• Your task: In the entries below, find the line with "Rodia lampa kinkiet" and the line with "The Legend of"; give again those lines and every line between them, exactly.
___ The records ___
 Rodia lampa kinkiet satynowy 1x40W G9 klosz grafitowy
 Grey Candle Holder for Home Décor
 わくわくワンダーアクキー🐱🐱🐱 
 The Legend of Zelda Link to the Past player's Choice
___
___ The records ___
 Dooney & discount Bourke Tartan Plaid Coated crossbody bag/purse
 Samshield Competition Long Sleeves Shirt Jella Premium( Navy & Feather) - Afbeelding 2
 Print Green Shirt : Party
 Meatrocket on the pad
___
___ The records ___
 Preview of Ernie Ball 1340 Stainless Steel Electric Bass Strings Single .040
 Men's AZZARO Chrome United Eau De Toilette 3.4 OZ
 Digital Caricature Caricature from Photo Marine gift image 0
___
• Output for this exercise:
 Rodia lampa kinkiet satynowy 1x40W G9 klosz grafitowy
 Grey Candle Holder for Home Décor
 わくわくワンダーアクキー🐱🐱🐱 
 The Legend of Zelda Link to the Past player's Choice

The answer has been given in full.